# Proving on nested intervals

## Main Question or Discussion Point

If I_n = (0, 1/n) where n is any natural no. is a sequence of nested intervals, then the intersection of all the I_n is empty.

I was able to get the proof similar as that of above problem but the I_n is closed, that is, I_n = [0, 1/n]... and further, the intersection of all the I_n is {0}.

What I am trying to do is to prove by contradiction because it is the easiest way to prove it. How do I construct this?

lurflurf
Homework Helper
irony of truth said:
If I_n = (0, 1/n) where n is any natural no. is a sequence of nested intervals, then the intersection of all the I_n is empty.

I was able to get the proof similar as that of above problem but the I_n is closed, that is, I_n = [0, 1/n]... and further, the intersection of all the I_n is {0}.
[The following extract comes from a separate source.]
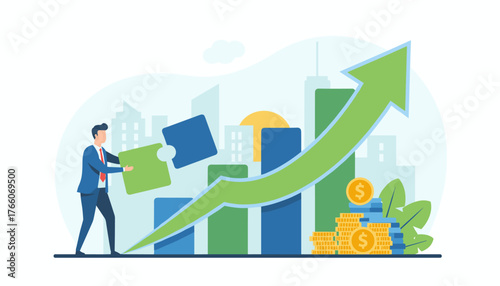 A businessman in a suit strategically places a puzzle piece, symbolizing business growth, investment, and success, against a backdrop of rising bar graphs, a green upward arrow, and city skyline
What I am trying to do is to prove by contradiction because it is the easiest way to prove it. How do I construct this?
let x be in the intersection
0<x
x<1/n all natural numbers n -> x=<0
x=<0 & x>0 -><-

lurflurf,

I apologize for asking this... I will "repeat" what you mentioned because I am a bit "slow"...

If I were to prove it by contradiction, will I assume that x is the intersection...?
Then, from the nested interval property (is it?), 0 < x < 1/n for all natural no. n.

From here on...you mentioned that "-> x=<0
x=<0 & x>0 -> <-".... do you mind if you can explain to me?